▶ Work instructions: Skip every image and restate the data word for word.

(Recorded information Opens)

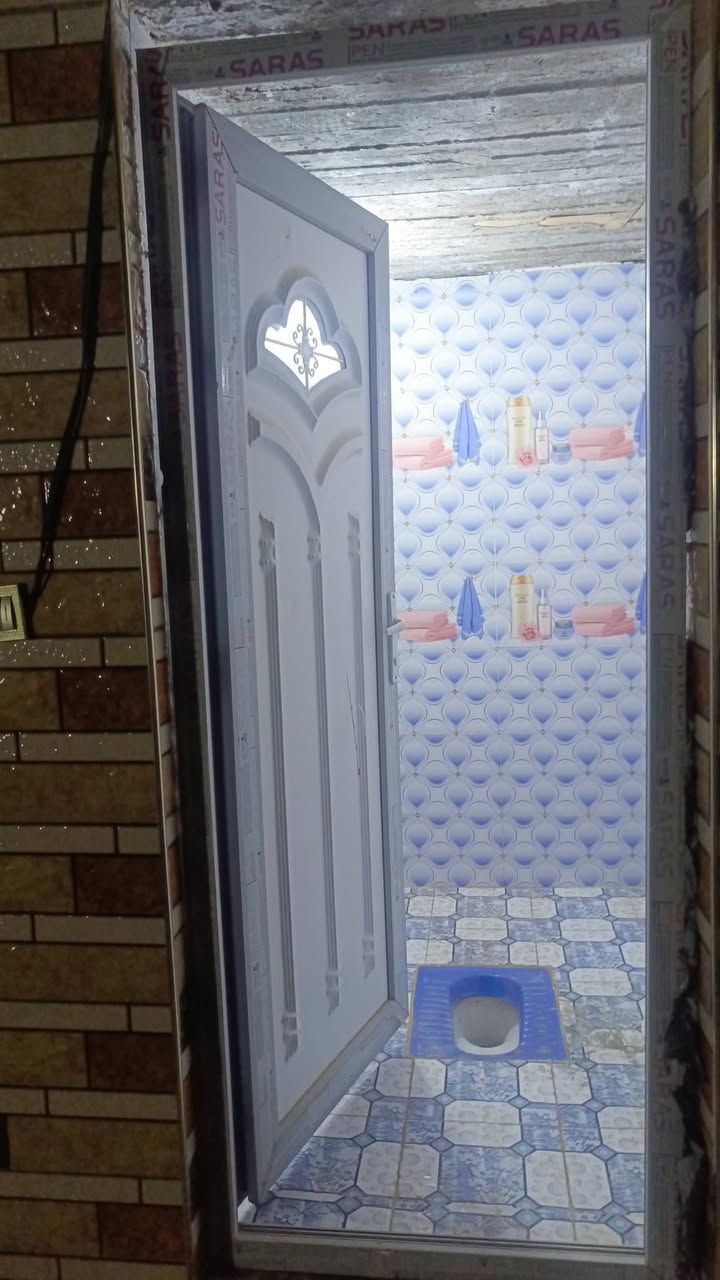 دار للبيع مساحه 400م  اقرار محكمه زراعي السكك يبعد عن بيوت الطابو 100متر
المنطقة مخدومه بكافه الخدمات ماء كهرباء نت ضوئي مقرنص مجاري البيت يفتح على شارعين أمام البيت وخلف البيت 

بناء جديد 

السعر خاص ***********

(Recorded information Closes)

▶ Exercise response:
 دار للبيع مساحه 400م  اقرار محكمه زراعي السكك يبعد عن بيوت الطابو 100متر
المنطقة مخدومه بكافه الخدمات ماء كهرباء نت ضوئي مقرنص مجاري البيت يفتح على شارعين أمام البيت وخلف البيت 

بناء جديد 

السعر خاص ***********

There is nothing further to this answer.